Here, Tom Petty serves not so much as a frontman but as a bandleader and rhythm guitarist, one who recognizes just how blessed he has been to be flanked for all these decades by lead guitarist Mike Campbell and keyboardist Benmont Tench. Campbell has been as crucial to the sound and dynamic of the Heartbreakers as Keith Richards is to the Rolling Stones, while Tench, too soft-spoken to make the claim for himself, is the Booker T. Jones of his musical generation. (Or maybe the McCoy Tyner of rock.)
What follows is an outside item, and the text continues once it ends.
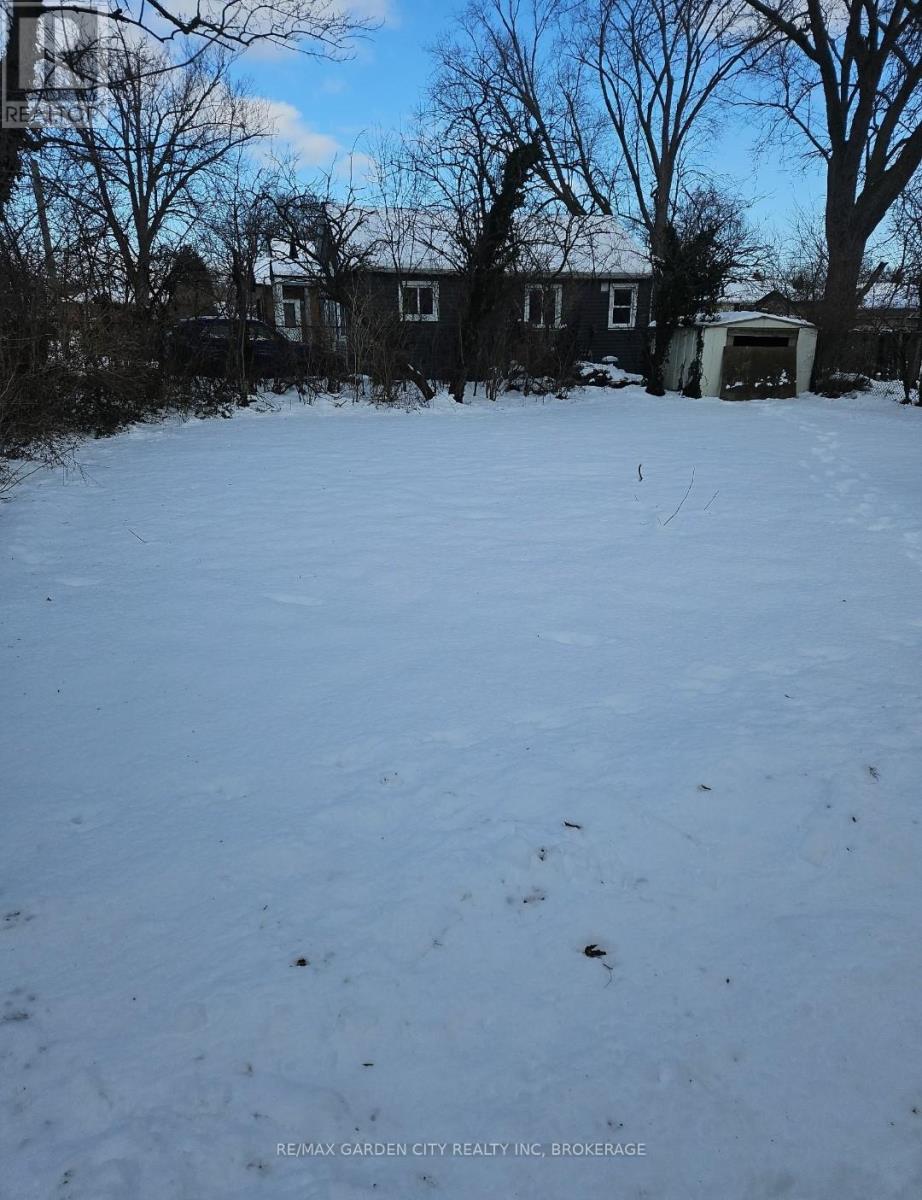 13 Rockwood Avenue, St. Catharines, Ontario  L2P 1E4 - Photo 19 - X12820832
This set snuck under the Christmas tree with comparatively little fanfare as a present to true fans, who recognize that the Heartbreakers are a concert band above all else, despite Petty's considerable success with studio hits. Rather than the more typical live set that presents a single concert or two to stand for them all, Petty reportedly sifted through mountains of tape, searching for the best recording of the concert staples, interspersed with more than a smattering of the obscurities and cover versions that have long distinguished the band's live performances.
The results are priceless, but Petty has put a price tag on the package that encourages buying the whole thing rather than settling for digital downloads--$25 list for the 47 cuts and accompanying annotation (widely available for as little as $18). Collectors can (as collectors will) opt to pay a couple hundred bucks for a deluxe set, with a fifth CD and some video performances, but the standard bargain package is designed to satisfy as many listeners as possible.
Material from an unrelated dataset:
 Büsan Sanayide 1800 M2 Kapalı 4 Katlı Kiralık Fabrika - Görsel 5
The set should provide plenty of revelation even for diehard fans. As with a concert, the set list begins and ends with crowd-pleasing hits on discs one ("Even the Losers," "Here Comes My Girl," Refugee") and four ("I Won't Back Down," "Free Fallin'," "The Waiting"). Yet in between are performances that you might never suspect would be tour de force highlights just from scanning the list of selections.
Like "It's Good to Be King," which I'd always considered droll but minor Petty, but is here extended to more than twelve minutes, with musical interplay that justifies every second. Like the lesser-known "Melinda," which Mike Campbell's electric mandolin sends into the Twilight Zone, in complement with the stately piano of Benmont Tench.
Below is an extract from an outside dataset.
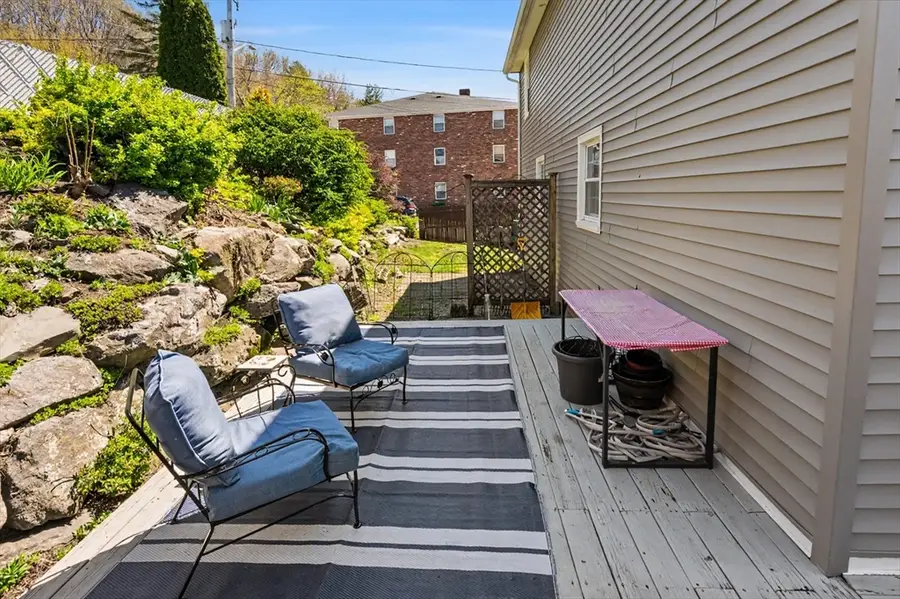286 Pleasant St, Lowell, MA 01852 - #3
Or like the transformation of "Mystic Eyes," which pays homage to the original version that Van Morrison cut with Them, but takes a turn toward the transcendence he would subsequently achieve in Astral Weeks and Moondance. Just compare with renditions of early Petty such as "American Girl" and the blitzkrieg tribute to the Dave Clark Five in "Any Way You Want It," and you can see how far this band has come, how much it has grown.
Yet as the performances skip back and forth across the decades, with the rhythm-section shifts in personnel (bassist Howie Epstein, RIP; drummer Stan Lynch, MIA), it all sounds so much of a piece that you realize how timeless is the musical dynamic of this five-man band. It helps that the hit that might have sounded most like a period piece, "Don't Come Around Here No More," is one of the few obvious omissions. Not only does the sequencing sustain continuity over the entirety of the set, but each disc is its own distinct entity--with a beginning, middle and end.
By disc four, the set feels like it has taken the listener on a journey, burning its way through the early adrenalin rush and raging hormones of "I'm a Man"--done as Petty and band first heard it, Yardbirds rave-up style--and the hunger of "Breakdown" to a grown-up brand of rock. Even "I Won't Back Down" sees quiet determination supplant youthful defiance, while the midtempo tenderness of "Crawling Back to You" and "Have Love Will Travel," the older but wiser "Square One," suggest the maturity of a band comfortable in its own skin.
The set builds as it must to "The Waiting," the song that marked a turning point in Petty's musical perspective and remains his best. And it ends as it should with "Alright for Now," a benediction, a lullaby, a prayer. There's a sense of wonder that a band and its music has come so far, ranged so wide, yet remained so true to itself.